[Caption-style text data]
···
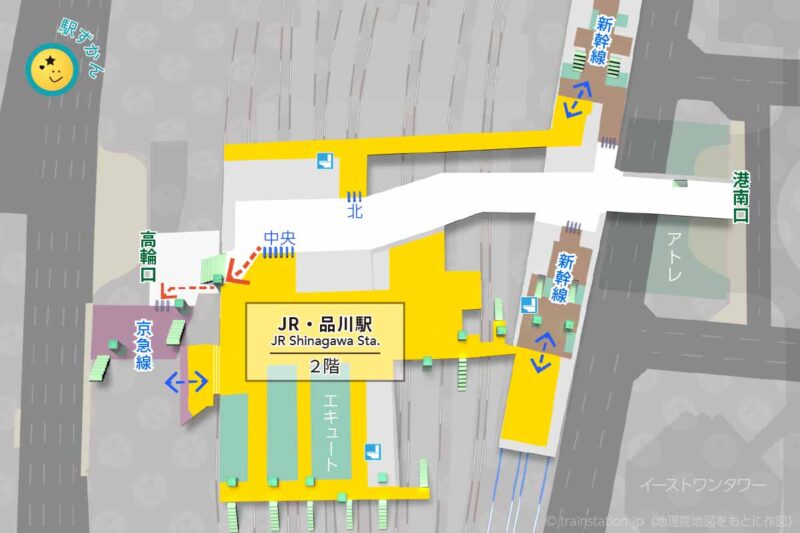 品川駅構内図（JR）と周辺地図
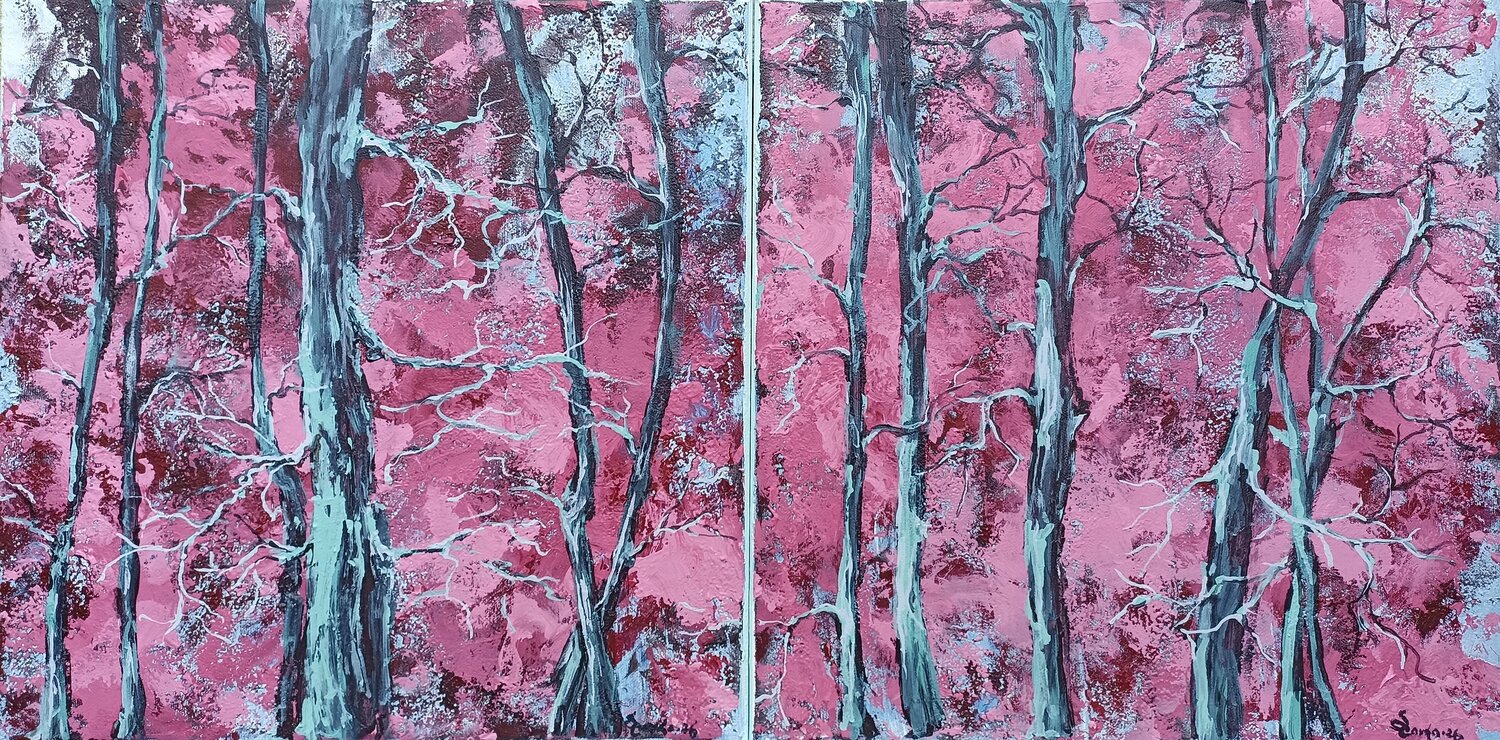 Hot summer.Forest.(diptih) Tetyana Donets Original painting for sale
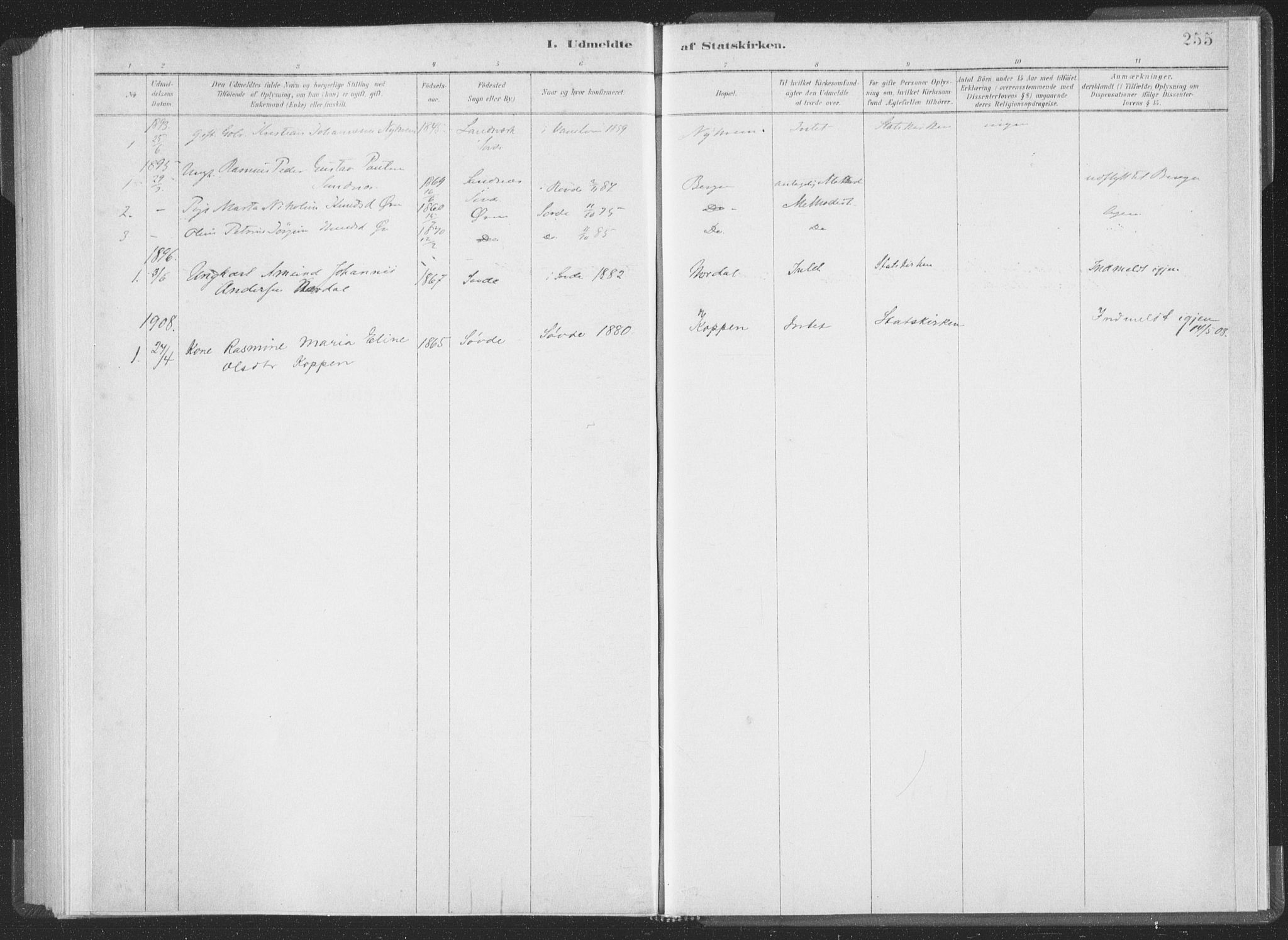 Ministerialprotokoller, klokkerbøker og fødselsregistre - Møre og Romsdal, AV/SAT-A-1454/502/L0025: Parish register (official) no. 502A03, 1885-1909, p. 255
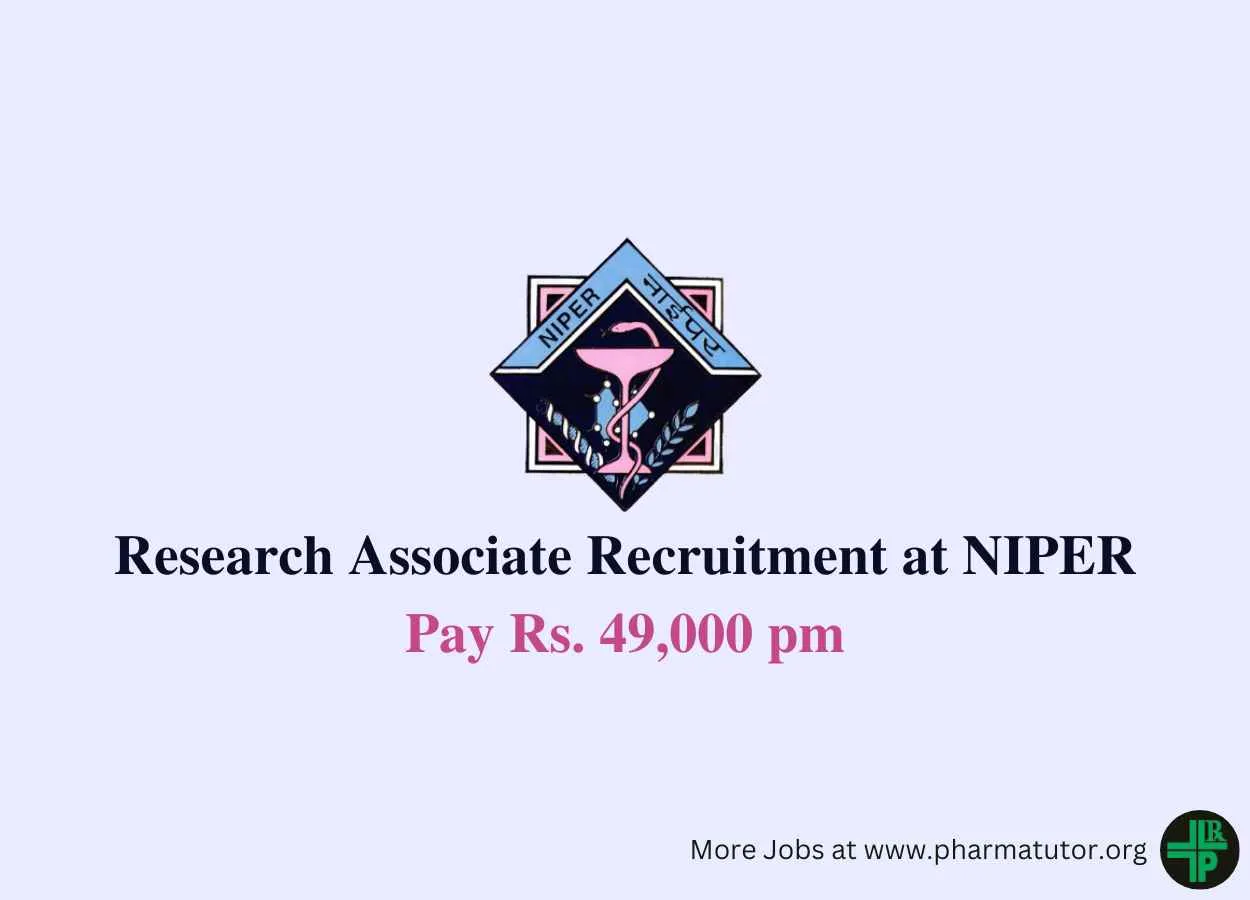 Vacancy for Research Associate at NIPER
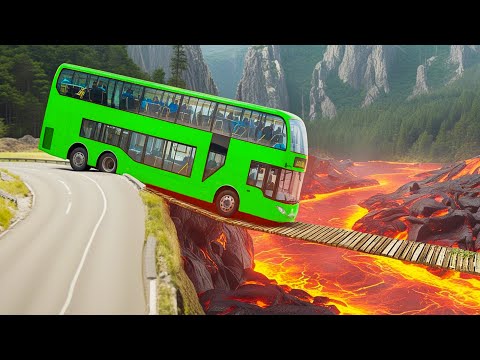 Cars vs Suspension Bridge Challenge in BeamNG Drive!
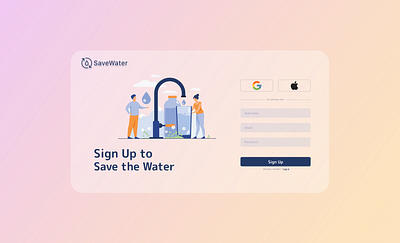 SaveWater - Sign up colors daily ui dailyui design signup ui web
···
What to do:
Pictures do not belong in the copy. Output all of the records exactly.

Response area:
 品川駅構内図（JR）と周辺地図
 Hot summer.Forest.(diptih) Tetyana Donets Original painting for sale
 Ministerialprotokoller, klokkerbøker og fødselsregistre - Møre og Romsdal, AV/SAT-A-1454/502/L0025: Parish register (official) no. 502A03, 1885-1909, p. 255
 Vacancy for Research Associate at NIPER
 Cars vs Suspension Bridge Challenge in BeamNG Drive!
 SaveWater - Sign up colors daily ui dailyui design signup ui web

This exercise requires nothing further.